What were those clear objectives Eddie gave you?
That on and off-field leadership was important. Dylan Hartley was fantastic in that area, along with other senior guys, and it was important for me to play at the level I knew I could and to try and handle the ball a bit more. I felt I carried the ball well in Argentina and they were extremely fun games to play in, with great weather and a good atmosphere in football-style stadiums. I love touring and tried to contribute as much as I could off the field as well.
Going into last week’s season-opening England camp, how was your one-on-one with Eddie?
It was actually with Steve Borthwick and Neal Hatley! It was good to catch up again with Steve from him being away with the Lions and I learnt a fair bit about his experiences in New Zealand and what I can add to my game to keep improving. That’s the secret now, we’re two years into this Test cycle and we can’t stand still.

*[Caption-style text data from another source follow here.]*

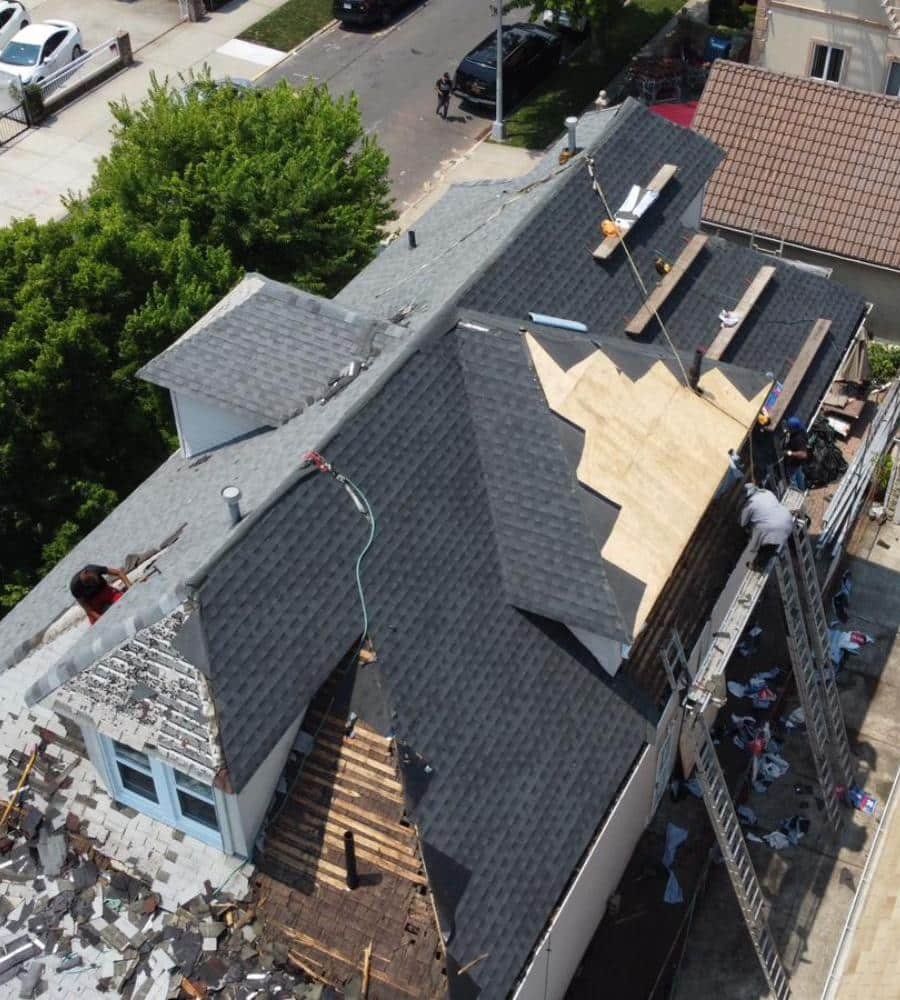 Roofing installation in Dyker Heights, NY by Brick Tech Contracting Corp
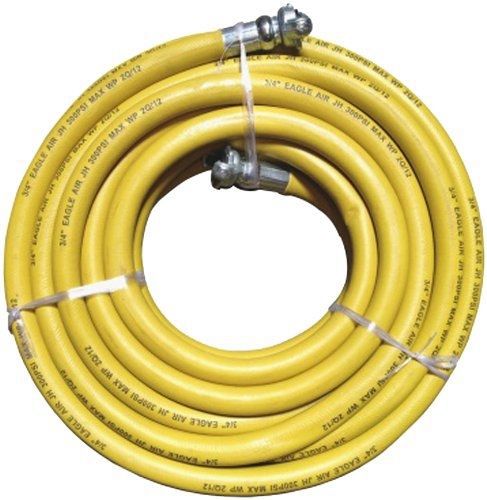 Jgb eagle yellow jackhammer rubber air hose, 3/4&#034; universal (chicago) couplings, for sale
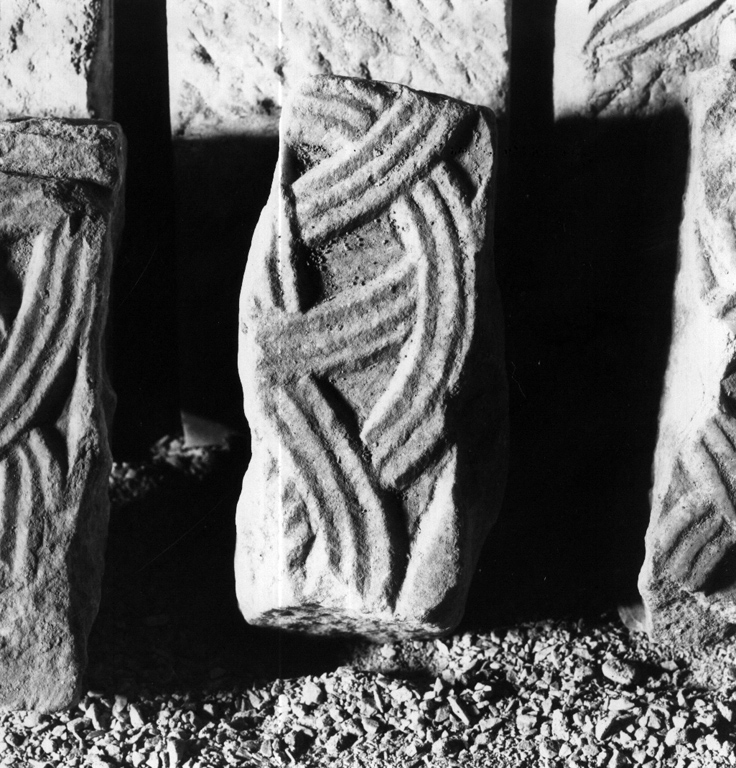 pluteo, frammento - bottega laziale (sec. IX)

Last week’s camp gave us objectives to go back to our clubs with and try to integrate those into our games.
It must have been an awkward meeting with Steve Borthwick after he was part of the Lions selection process that rejected you?
No, he’s been brilliant and our relationship is very professional. He said he was pleased with the way I went away and played in Argentina. That’s sport, isn’t it? I knew from the outset how fierce the competition was going into that Lions tour and there’s no issue from my side of things.
What must you do to ensure you are on the next Lions tour in 2021?
Listen to the improvements the coaches closest to me want to make, which is Dai Young and the coaches at Wasps and Eddie and his coaches with England. They’re on the same page in terms of what they’re looking for from me and if I can stay injury-free, that’s going to be really important for me. Last year was one of my first in being injury-free and the improvements that came from that in terms of ball-carrying and set-piece were pretty clear, so now it’s down to consistency of performance whilst improving on the nuts and bolts of my game.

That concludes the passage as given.